Personal genomic testing and cadaver genomic testing
The steady increase in the application of whole exome sequencing (WES) and whole genome sequencing (WGS) to clinical diagnosis is intensifying the need of physicians to have literacies in genomic testing. In addition, public interests in personalized medicine and availability of direct-to-consumer genomic testing are increasing the chance for physicians to be asked by their patients about personalized preventative care.53 In order to provide the necessary knowledge and practical skills to use genomic testing, incorporation of personal genomic testing has been recently piloted in medical genetics courses.54,55 The benefits of using personal genomic testing for instruction include providing students an effective hands-on learning environment and motivating students to learn by offering an opportunity to work on their own genome.56
So far two institutions, namely, Stanford School of Medicine and Icahn School of Medicine at Mount Sinai (ISMMS), have reported on the application of personalized genomic testing (PGT) in the form of an elective medical genomics course.57,58 Genome-wide single nucleotide polymorphism (SNP) array was used by the Stanford course, and WGS was used by the ISMMS course. The course participants included medical students, graduate students, residents, and fellows.
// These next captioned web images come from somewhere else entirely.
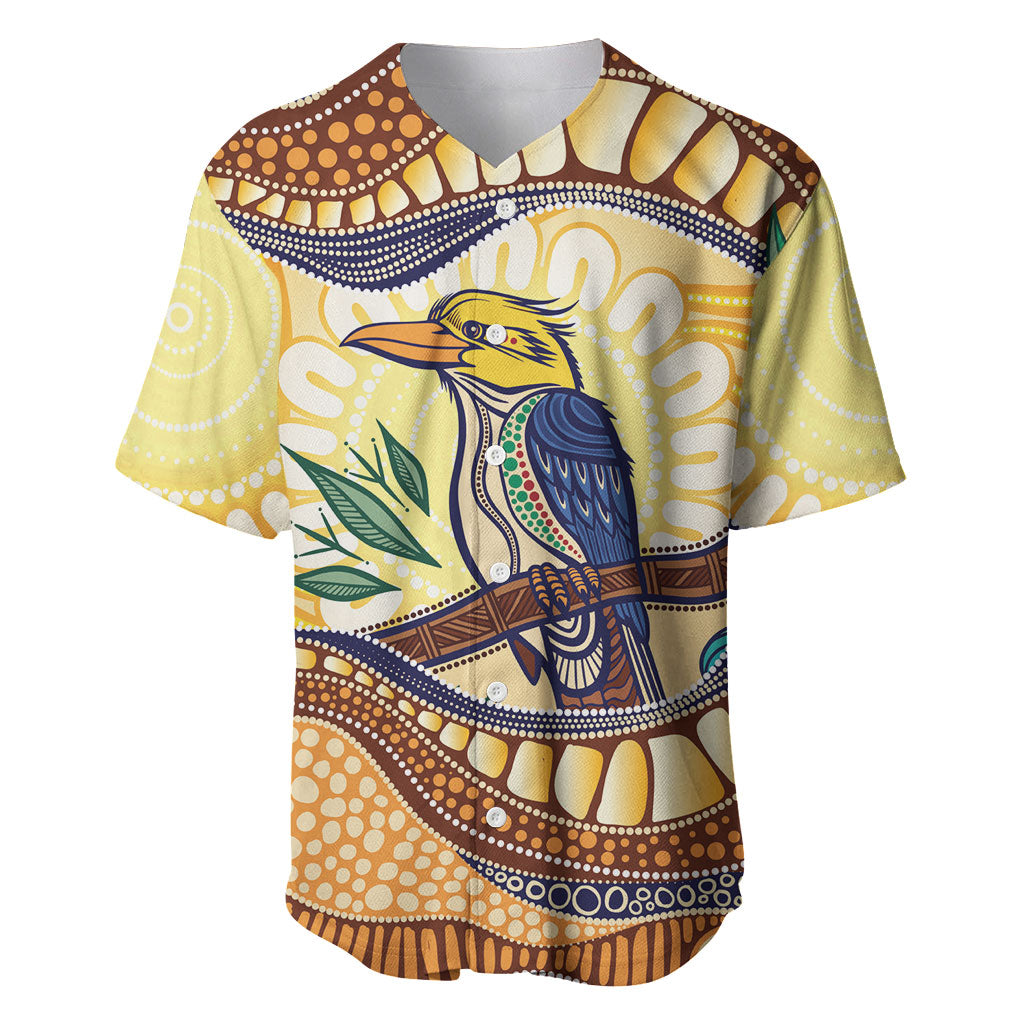 Kookaburra Australia Indigenous Art Baseball Jersey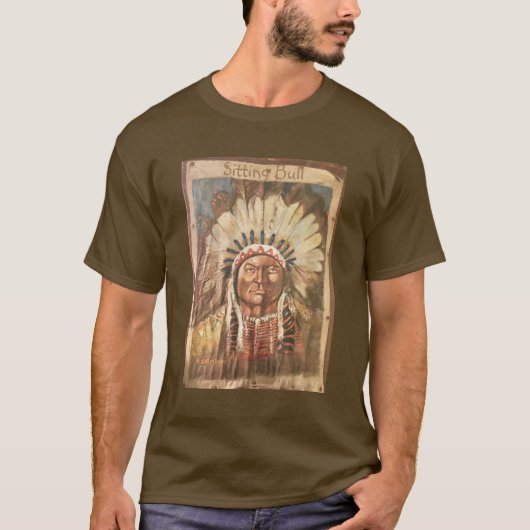 Sitting Bull Indian Chief T-shirt (Voorkant)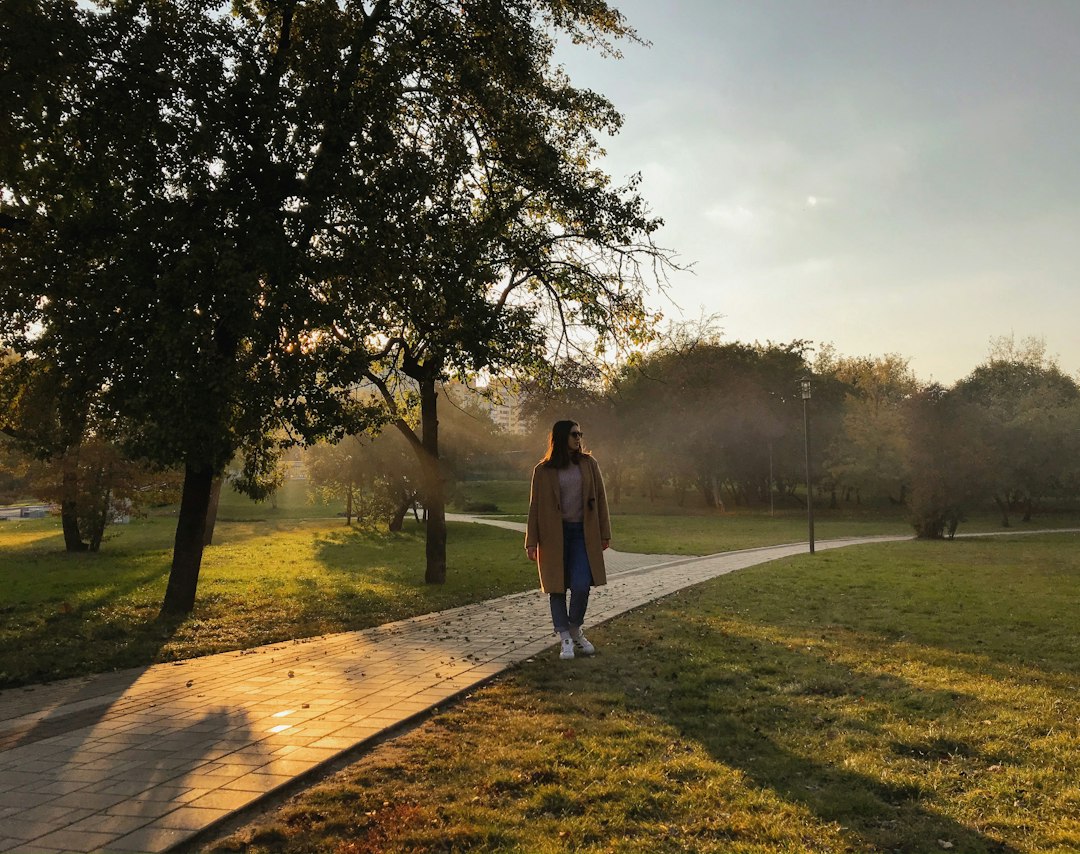 Woman enjoying outdoor daylight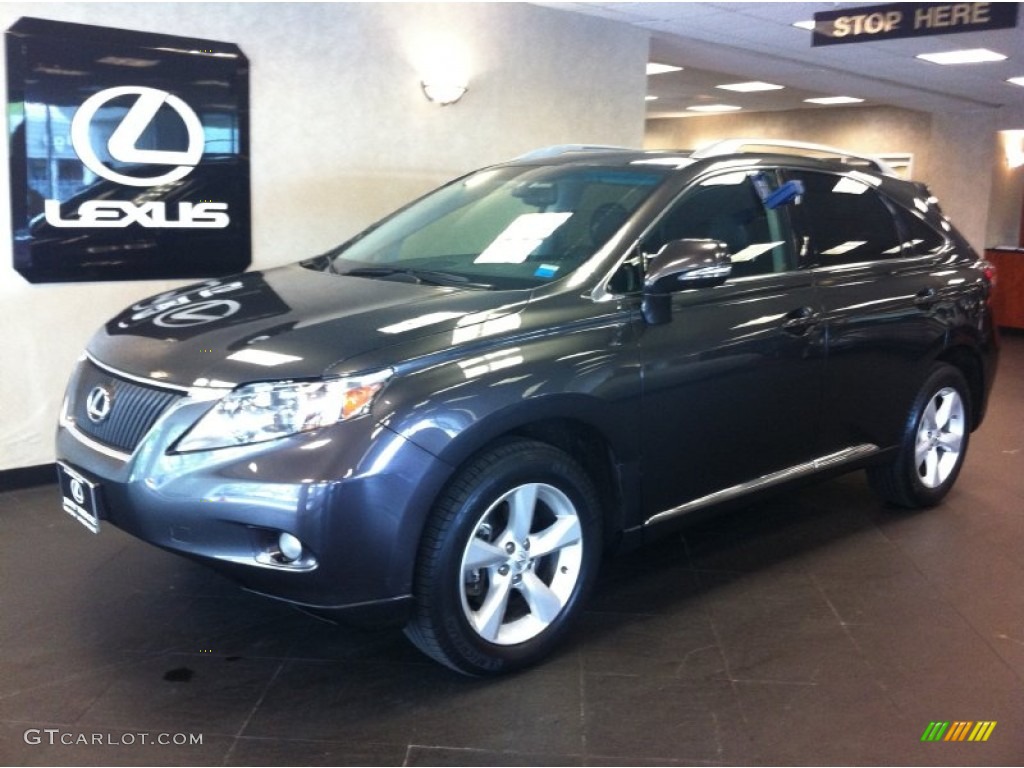 2010 RX 350 AWD - Truffle Brown Mica / Black/Brown Walnut photo #3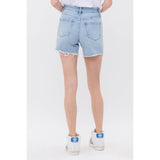 Mica Denim Anthemis High Rise Midi Shorts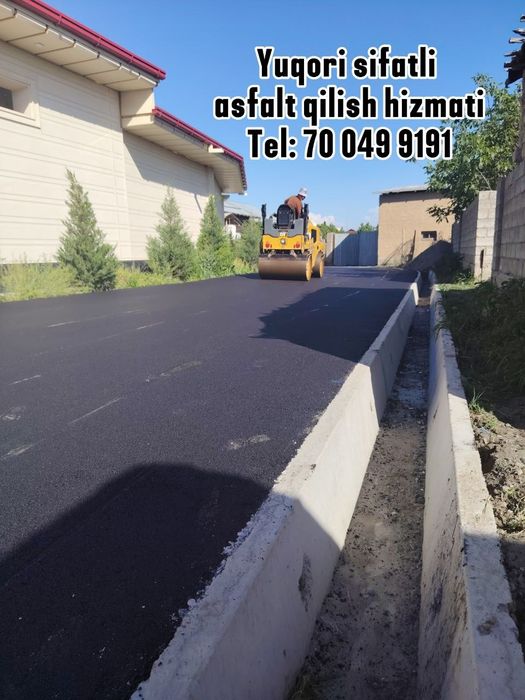 Asfalt xizmati butun viloyat boʻylab 60000soʻm kv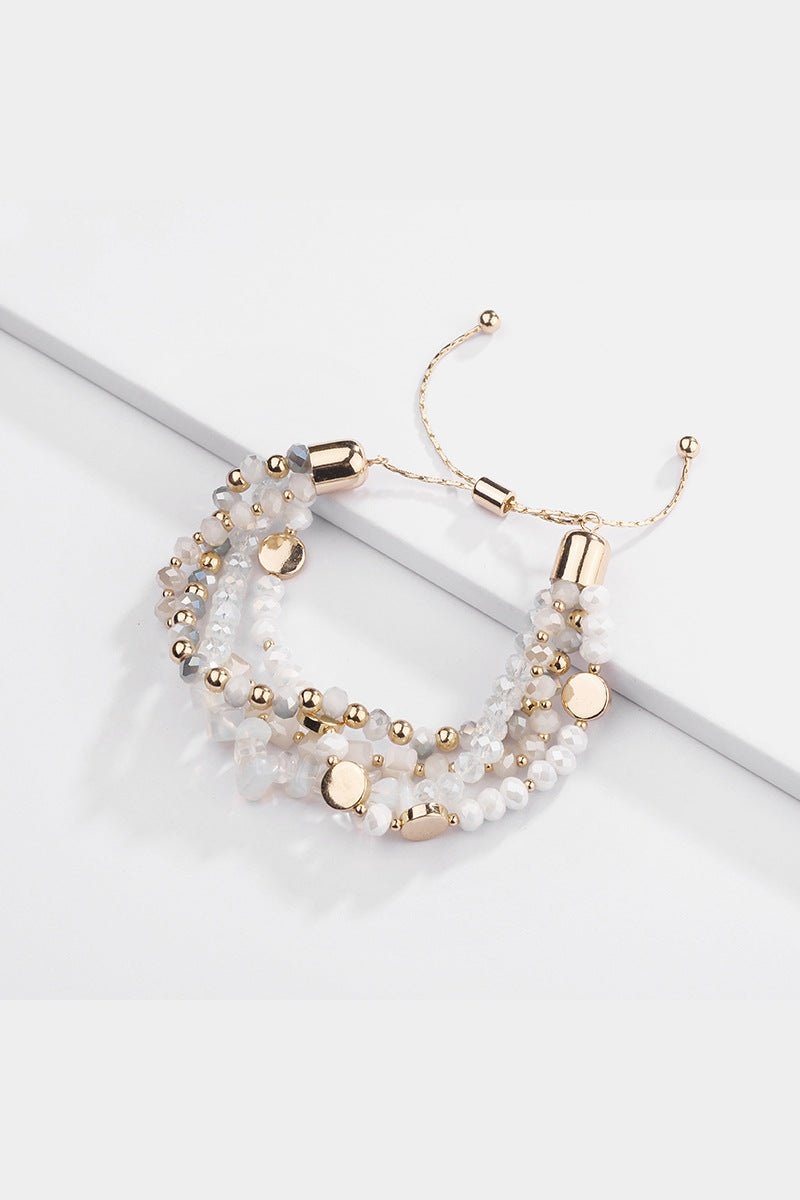 Crystal Glass Beaded Bracelet with Stones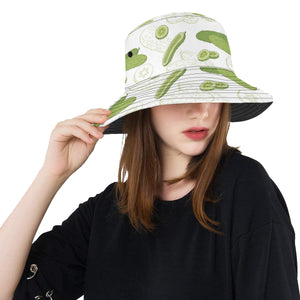 Cucumber sketch pattern Unisex Bucket Hat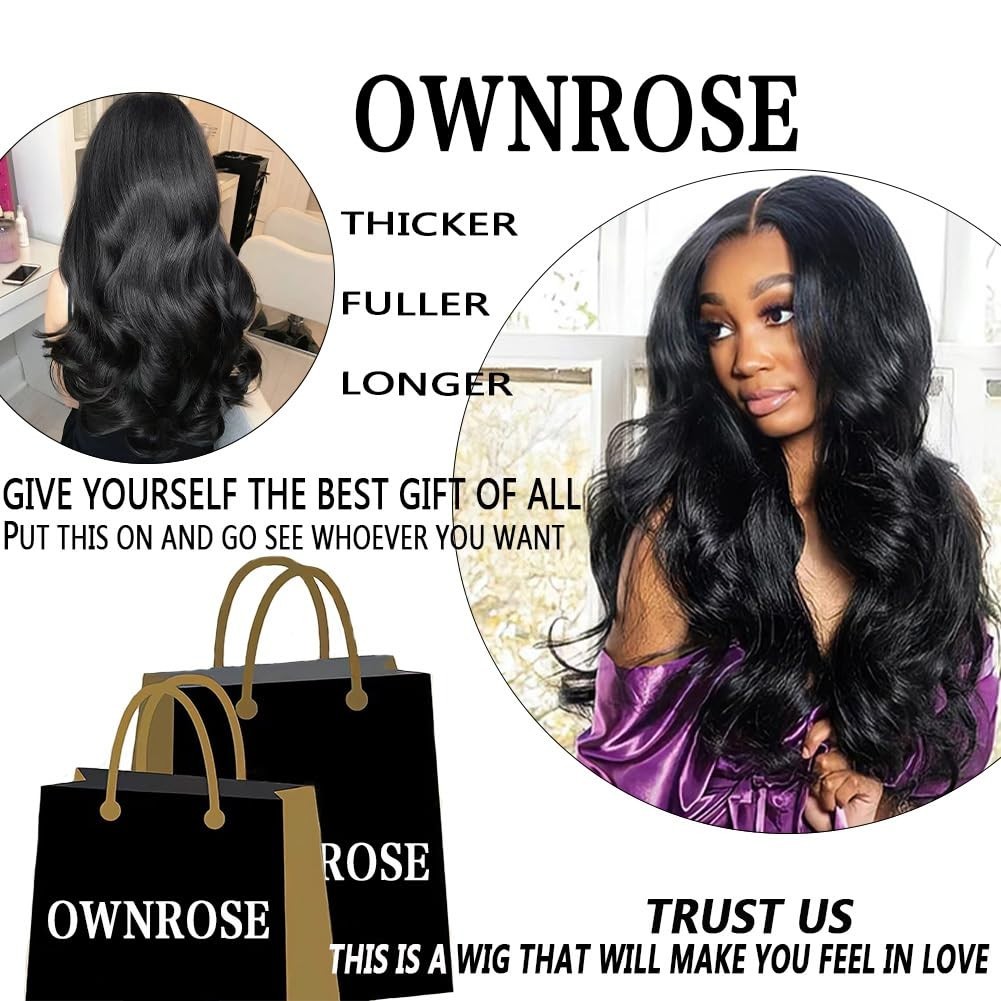30″ 13×6 Body Wave Lace Front Wig – 200% Density, HD Lace, Pre-Plucked, Glueless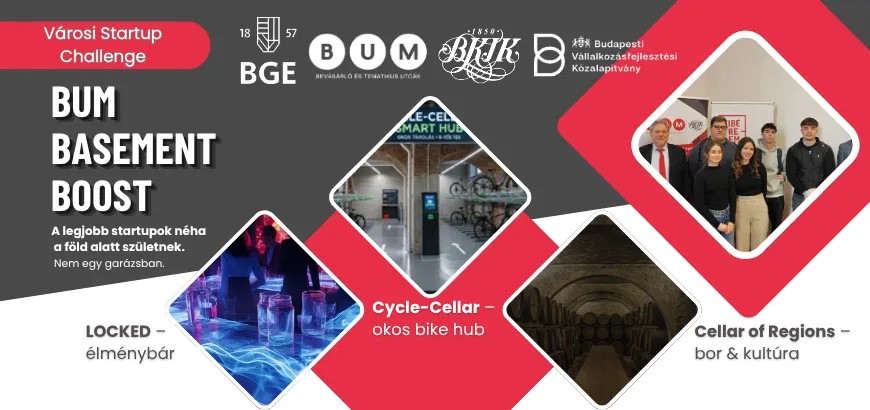 Hallgatói startupok költöznének Budapest pincéibe – lezárult a BUM Basement Boost Challenge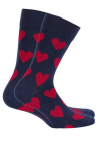 Wola Skarpety Wzorzyste Perfect Man-Casual Walentynkowe
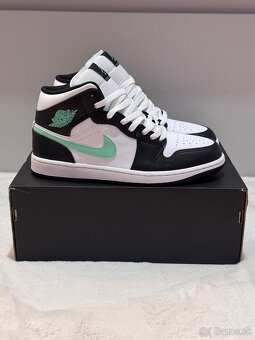 Air Jordan 1 mid / green glow 44 - 4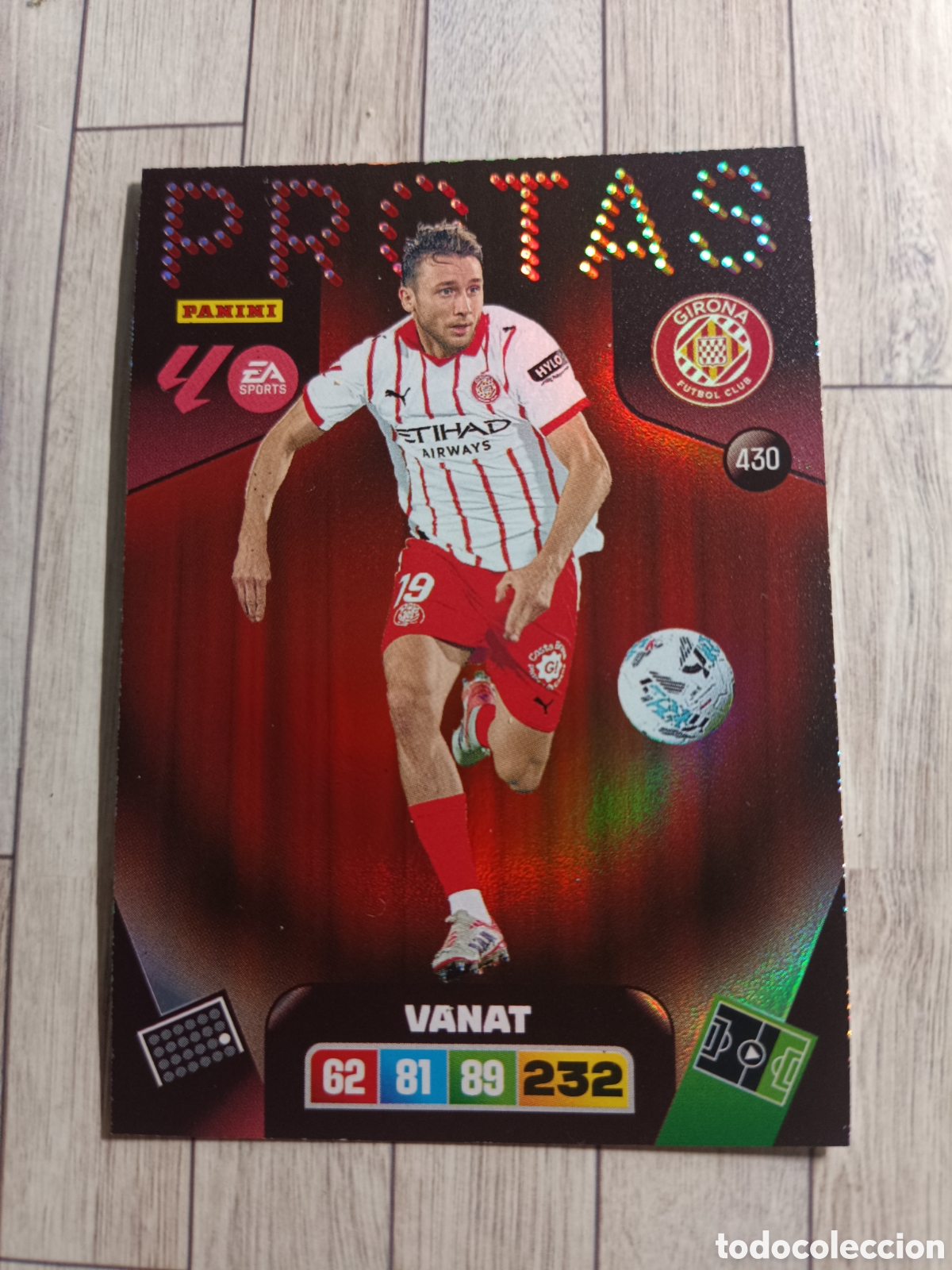 Cromos de F&uacute;tbol: 430 VANAT GIRONA PROTAS ADRENALYN XL LIGA 2025 2026 PANINI 25 26
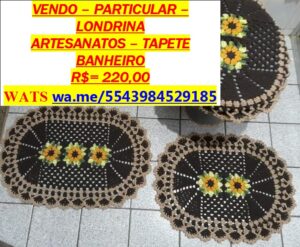 Artesanatos em Tapetes em crochê para banheiros – Artesanatos em crochês e tricos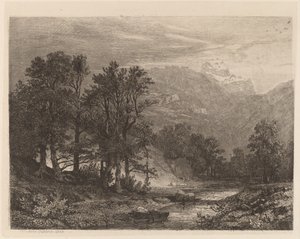 Fjellbekk av Alexandre Calame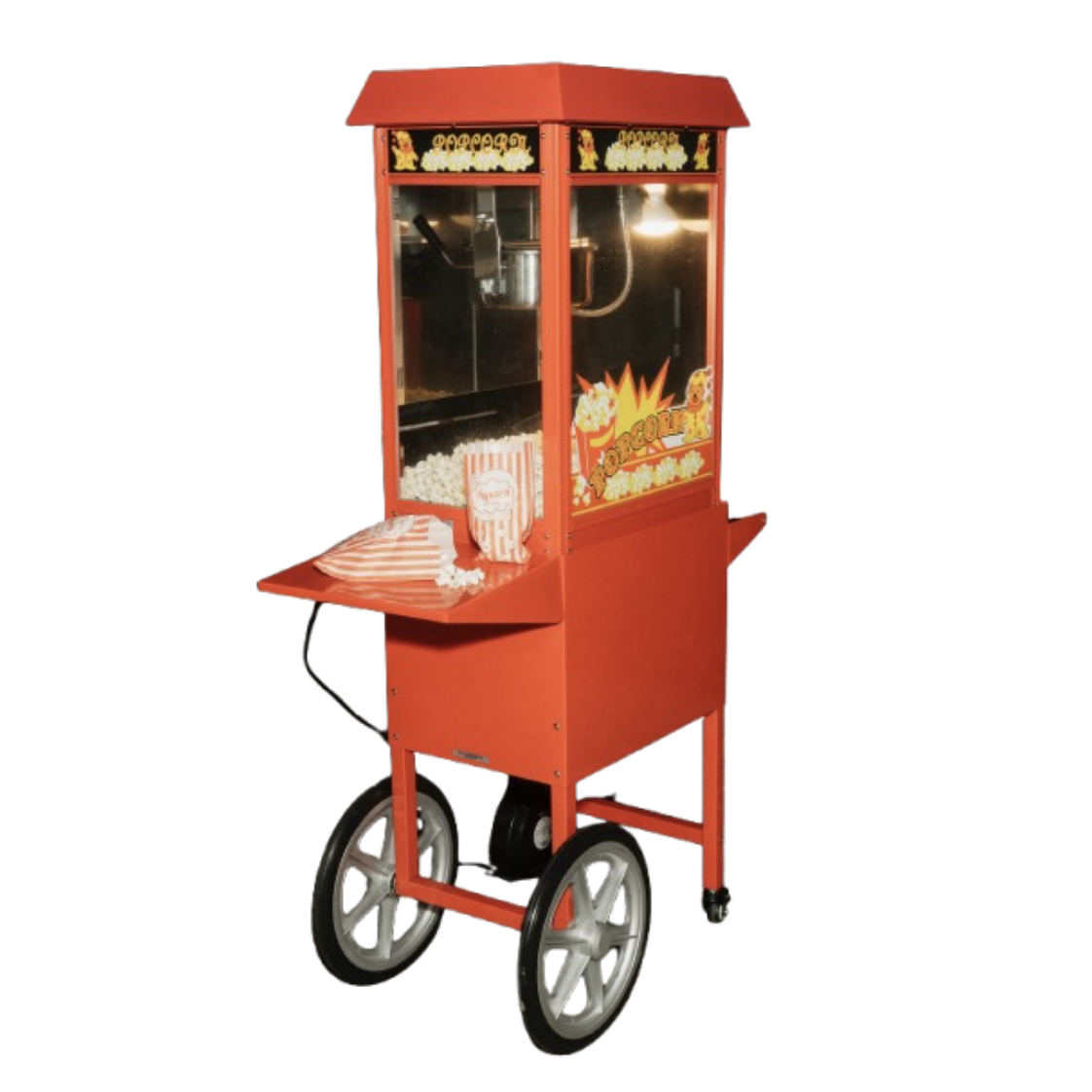 Popcornmaschine + Zubehör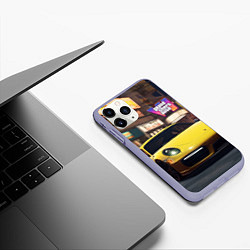 Чехол iPhone 11 Pro матовый GTA 6 porshe, цвет: 3D-светло-сиреневый — фото 2
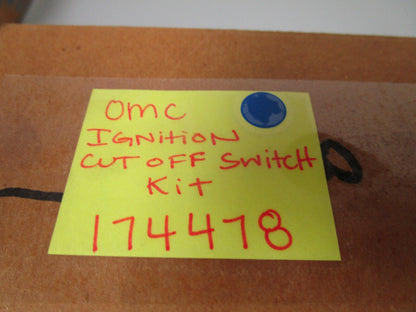 *NEW OEM* 0720 OMC Johnson Evinrude Ignition Cut Off Switch Kit 174478 0174478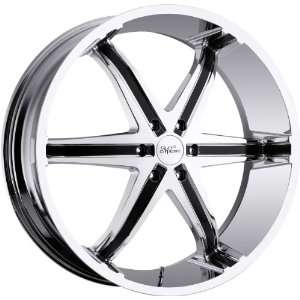   Milanni Kool Whip 6 5x120.65 5x4.75 +18mm Chrome Wheels Rims Inch 22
The Stanford study reported the results of 46 participants.57 The students first took a 2-week in-depth instruction on PGT and then were offered to have their own genomic DNA genotyped by a direct-to-consumer genetic testing company or, instead, use publicly available data sets for a hands-on training in genomic data analysis. The study was designed to assess changes in the attitudes and knowledge about genomics and PGT as measured using surveys and the objective knowledge improvements in genomics and PGT as measured using written examinations. The surveys and written examinations were administered before and after the PGT session for comparison. The obtained data were compared longitudinally within the groups (students who chose personal genotyping – “genotyped” – and students who chose public data base – “nongenotyped”) and also between the two groups to assess the effectiveness of the hands-on genomics session and the use of personal genomic testing. The survey results indicated that the genotyped students gained better understanding of the risks and benefits in using PGT and interpretation of PGT results compared to the nongenotyped students.57 Although the effect was less, the nongenotyped students still reported that the course increased their knowledge in genetics and their understanding of PGT results, suggesting that hands-on learning of genomics using public database is still effective for students to gain genomics skills. The genotyped students also developed higher levels of empathy toward patients with genetic conditions; 100% of the genotyped students reported that the course helped them to understand the experience of patients who undergo PGT, while only half of the nongenotyped students indicated as such.57 The objective knowledge assessments by written tests showed that although the presession test scores were comparable between the genotyped and nongenotyped groups, the postsession test scores of the genotyped group were significantly higher than those of the nongenotyped group.57
It is interesting to note that even though a majority of the students in this study commented that the given opportunity to ask health care professionals for help in interpreting the PGT test results was an important component of this course, few of them actually did (13%) or were planning to ask (13%).57 In the companion article,59 it was described that the students felt that they were well equipped to interpret the PGT results; therefore, they rarely utilized genetic counseling service even though it was offered for free. This observation may suggest that to cultivate a receptive attitude toward interprofessional collaboration in genomic testing, further encouragement and structured interprofessional activity built into the course may be necessary.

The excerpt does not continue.